Search code examples
c++xmlxpathlibxml2

How to use XPath in XMLReader API of libxml2?


The tutorial here says we can used XPath in XMLReader API if we expand the current node and set it to be the context node of the xmlXPathContext object. Unfortunately, the example the tutorial provides is in Python, which language I don't understand at all. I tried to create my own example in C++, but got stuck. The problem is function xmlXPathSetContextNode always fails. Below is my codes and a XML document to be read by the example application.

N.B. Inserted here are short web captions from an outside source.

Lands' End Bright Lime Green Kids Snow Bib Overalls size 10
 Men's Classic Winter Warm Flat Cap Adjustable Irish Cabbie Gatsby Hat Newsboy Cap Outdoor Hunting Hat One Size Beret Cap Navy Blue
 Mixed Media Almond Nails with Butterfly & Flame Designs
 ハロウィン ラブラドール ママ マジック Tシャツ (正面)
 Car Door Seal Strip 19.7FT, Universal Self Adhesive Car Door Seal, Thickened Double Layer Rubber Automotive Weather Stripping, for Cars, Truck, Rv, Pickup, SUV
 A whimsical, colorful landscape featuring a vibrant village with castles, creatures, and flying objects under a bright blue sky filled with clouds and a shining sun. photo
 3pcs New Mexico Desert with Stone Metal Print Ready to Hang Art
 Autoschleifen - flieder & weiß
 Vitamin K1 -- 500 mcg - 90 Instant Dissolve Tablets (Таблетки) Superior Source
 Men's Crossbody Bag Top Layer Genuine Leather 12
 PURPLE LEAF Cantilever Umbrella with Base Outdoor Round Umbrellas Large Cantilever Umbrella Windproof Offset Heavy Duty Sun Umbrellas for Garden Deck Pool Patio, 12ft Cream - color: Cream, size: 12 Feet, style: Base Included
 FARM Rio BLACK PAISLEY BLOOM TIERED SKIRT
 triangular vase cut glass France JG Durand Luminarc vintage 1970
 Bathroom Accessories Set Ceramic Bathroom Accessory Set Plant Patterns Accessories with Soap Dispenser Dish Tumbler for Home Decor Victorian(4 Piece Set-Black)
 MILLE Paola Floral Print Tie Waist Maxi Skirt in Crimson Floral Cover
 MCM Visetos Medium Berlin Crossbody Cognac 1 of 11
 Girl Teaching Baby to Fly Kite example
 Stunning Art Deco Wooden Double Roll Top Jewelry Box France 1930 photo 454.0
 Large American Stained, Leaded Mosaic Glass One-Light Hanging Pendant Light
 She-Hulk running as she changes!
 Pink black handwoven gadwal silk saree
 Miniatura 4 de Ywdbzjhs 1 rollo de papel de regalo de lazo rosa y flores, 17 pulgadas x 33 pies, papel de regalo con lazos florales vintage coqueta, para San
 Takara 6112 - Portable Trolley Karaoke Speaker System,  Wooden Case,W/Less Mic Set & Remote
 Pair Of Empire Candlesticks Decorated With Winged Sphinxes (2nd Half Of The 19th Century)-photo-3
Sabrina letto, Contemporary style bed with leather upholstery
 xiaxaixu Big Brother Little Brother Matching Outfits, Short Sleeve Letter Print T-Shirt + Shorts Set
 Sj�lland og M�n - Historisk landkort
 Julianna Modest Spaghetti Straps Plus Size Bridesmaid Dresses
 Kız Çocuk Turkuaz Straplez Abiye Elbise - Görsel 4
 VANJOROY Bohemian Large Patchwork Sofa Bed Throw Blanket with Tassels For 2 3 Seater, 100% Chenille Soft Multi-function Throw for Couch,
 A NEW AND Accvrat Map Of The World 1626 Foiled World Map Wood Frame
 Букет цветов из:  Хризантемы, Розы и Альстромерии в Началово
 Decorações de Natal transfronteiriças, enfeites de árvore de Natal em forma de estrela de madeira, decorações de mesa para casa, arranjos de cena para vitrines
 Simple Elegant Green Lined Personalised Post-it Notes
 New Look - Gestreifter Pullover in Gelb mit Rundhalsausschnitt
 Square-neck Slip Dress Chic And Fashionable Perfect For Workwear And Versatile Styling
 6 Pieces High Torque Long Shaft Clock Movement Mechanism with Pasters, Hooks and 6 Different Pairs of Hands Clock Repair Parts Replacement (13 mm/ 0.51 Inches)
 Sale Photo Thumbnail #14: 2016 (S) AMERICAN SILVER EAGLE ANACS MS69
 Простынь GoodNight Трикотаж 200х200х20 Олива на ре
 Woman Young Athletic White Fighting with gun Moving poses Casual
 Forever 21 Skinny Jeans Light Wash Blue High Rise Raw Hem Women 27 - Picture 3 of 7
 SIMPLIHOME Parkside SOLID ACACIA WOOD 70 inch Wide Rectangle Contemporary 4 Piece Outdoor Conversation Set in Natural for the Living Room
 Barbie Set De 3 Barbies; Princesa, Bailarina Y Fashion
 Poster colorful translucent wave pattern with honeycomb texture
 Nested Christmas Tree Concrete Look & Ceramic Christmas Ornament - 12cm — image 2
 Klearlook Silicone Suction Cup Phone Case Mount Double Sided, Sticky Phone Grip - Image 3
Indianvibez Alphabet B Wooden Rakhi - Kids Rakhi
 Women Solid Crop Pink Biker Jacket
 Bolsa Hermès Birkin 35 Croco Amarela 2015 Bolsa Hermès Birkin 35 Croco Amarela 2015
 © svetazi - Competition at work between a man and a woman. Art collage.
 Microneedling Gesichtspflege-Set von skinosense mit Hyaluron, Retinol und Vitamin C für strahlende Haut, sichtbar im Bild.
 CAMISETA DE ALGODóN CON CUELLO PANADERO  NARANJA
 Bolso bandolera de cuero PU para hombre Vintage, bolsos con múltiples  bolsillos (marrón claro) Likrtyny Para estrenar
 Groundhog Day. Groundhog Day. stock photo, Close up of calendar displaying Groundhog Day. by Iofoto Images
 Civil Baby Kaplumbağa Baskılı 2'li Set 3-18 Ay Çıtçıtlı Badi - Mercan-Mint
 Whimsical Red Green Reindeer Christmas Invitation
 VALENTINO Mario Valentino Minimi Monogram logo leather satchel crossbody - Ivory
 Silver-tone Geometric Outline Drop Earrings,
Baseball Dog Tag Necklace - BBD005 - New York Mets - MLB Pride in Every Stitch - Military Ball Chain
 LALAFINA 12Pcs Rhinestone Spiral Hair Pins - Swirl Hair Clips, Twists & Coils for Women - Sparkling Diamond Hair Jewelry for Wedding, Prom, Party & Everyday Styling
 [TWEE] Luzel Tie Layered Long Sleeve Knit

// BUILD: g++ thisFile.cpp -std=c++11 -Wall $(xml2-config --cflags --libs)
#include <cstdio> // for function fopen, fseek, rewind, fread and fclose
#include <libxml/xmlreader.h> // for data type xmlTextReader
#include <libxml/xpath.h> // for data type xmlXPathContext
#include <memory> // for class template shared_ptr
#include <stdexcept> // for class runtime_error;
#define _X(s) ((const xmlChar *)s)
int main(int argc, char *argv[])
{
    using std::shared_ptr;
    // Create a text reader.
    shared_ptr<xmlTextReader> reader(::xmlReaderForFile("sample.xml", NULL, 0), &::xmlFreeTextReader);
    // Create a XPath context.
    xmlDocPtr doc = ::xmlTextReaderCurrentDoc(reader.get());
    shared_ptr<xmlXPathContext> ctxt(::xmlXPathNewContext(doc), &::xmlXPathFreeContext);
    // Use the text reader to read the stream.
    int ret;
    try {
        while ((ret = ::xmlTextReaderRead(reader.get())) == 1) {
            // Ignore all nodes except <storyinfo>.
#if 0
            xmlNodePtr node = ::xmlTextReaderCurrentNode(reader.get());
#else
            xmlNodePtr node = ::xmlTextReaderExpand(reader.get());
#endif
            if (::xmlStrncmp(node->name, _X("storyinfo"), 10) != 0) continue;
            // Set the current node as the context node.
            ::printf("node: 0x%08X\n", (size_t)node);
            if (::xmlXPathSetContextNode(node, ctxt.get()) == -1) {
                ::fprintf(stderr, "ERROR(%d): %s\n", ctxt->lastError.code, ctxt->lastError.message);
                throw std::runtime_error("err_xpath_set_context");
            }
            // Use a XPath to find <datewritten>.
            shared_ptr<xmlXPathObject> xpathFound(::xmlXPathEvalExpression(_X("datewritten"), ctxt.get()), &::xmlXPathFreeObject);
            if (xmlXPathNodeSetGetLength(xpathFound->nodesetval) == 0) throw std::runtime_error("err_xpath_not_fonud");
            shared_ptr<xmlChar> zTextContent(::xmlXPathCastToString(xpathFound.get()), ::xmlFree);
            ::printf("found: %s\n", zTextContent.get());
            break;
        }
        if (ret == -1) {
            ::fprintf(stderr, "ERROR: %s\n", "xmlTextReaderRead failure!");
            return 1;
        }
    }
    catch (const std::runtime_error& e) {
        ::fprintf(stderr, "ERROR: %s\n", e.what());
    }
    // Exit the program.
    return 0;
}

The contents of the XML document is

<?xml version="1.0"?>
<story>
    <storyinfo>
        <author>John Fleck</author>
        <datewritten>June 2, 2002</datewritten>
        <keyword>example keyword</keyword>
    </storyinfo>
    <body>
        <headline>This is the headline</headline>
        <para>This is the body text.</para>
    </body>
</story>

Any hint will be appreciated. Thanks in advance. m(_ _)m


Solution

  • Problem solved. function xmlTextReaderCurrentDoc shall not be called before any xmlTextReaderRead. I shall have checked the return value of xmlTextReaderCurrentDoc. In the above buggy codes, it returns NULL. Consequently, no valid XPath context can be obtained. The official document doesn't mention when is the right time to invoke xmlTextReaderCurrentDoc, so I'll leave this q&a here for other people who encounter the same problem to google.